Ubiquitination-mediated interaction among domains is responsible for inhibition of RNA endonuclease activity of mRNA cycling sequence binding protein from L. donovani (LdCSBP).

In nearly complete absence of transcriptional regulation, messenger RNA (mRNA) turnover mediated through specific cis-elements plays a predominant role in the control of differential gene expression for the disease causing trypanosomatid parasites. In these organisms, the periodic accumulation of S-phase messages during cell cycle is determined by the presence of one or more copies of a conserved CAUAGAAG octanucleotide motif in the untranslated regions of mRNAs. In our previous studies, a multi-domain cycling sequence binding protein LdCSBP from Leishmania donovani was characterized, which binds specifically to the octamer-containing RNAs via its uniquely arranged CCCH-type Zn fingers and degrades them through its small MutS-related (Smr) endonuclease domain, indicative of its potential role in the turnover of the S-phase mRNAs. Interestingly, the protein is modified by the incorporation of a monoubiquitin residue, and the posttranslational modification inhibits its riboendonuclease activity.
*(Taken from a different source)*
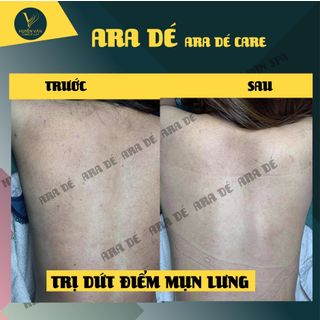 ARA DÉ CHAI LỚN 100ml - Sỉ Chiết Khấu 40%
However, the mechanism of such inhibition was previously unknown. Here, we establish that the CCCH-type Zn finger domain is the site of ubiquitination in LdCSBP and the interaction of CUE domain of the protein with the ubiquitinated Zn finger domain is responsible for inhibition of its riboendonuclease activity. The findings elucidate an inhibitory mechanism of RNA cleavage through ubiquitination-mediated intramolecular interaction among domains of the enzyme. Furthermore, the riboendonuclease activity is inhibited by anti-leishmanial drug paromomycin suggesting that the regulation of RNA metabolism could be a target of the drug.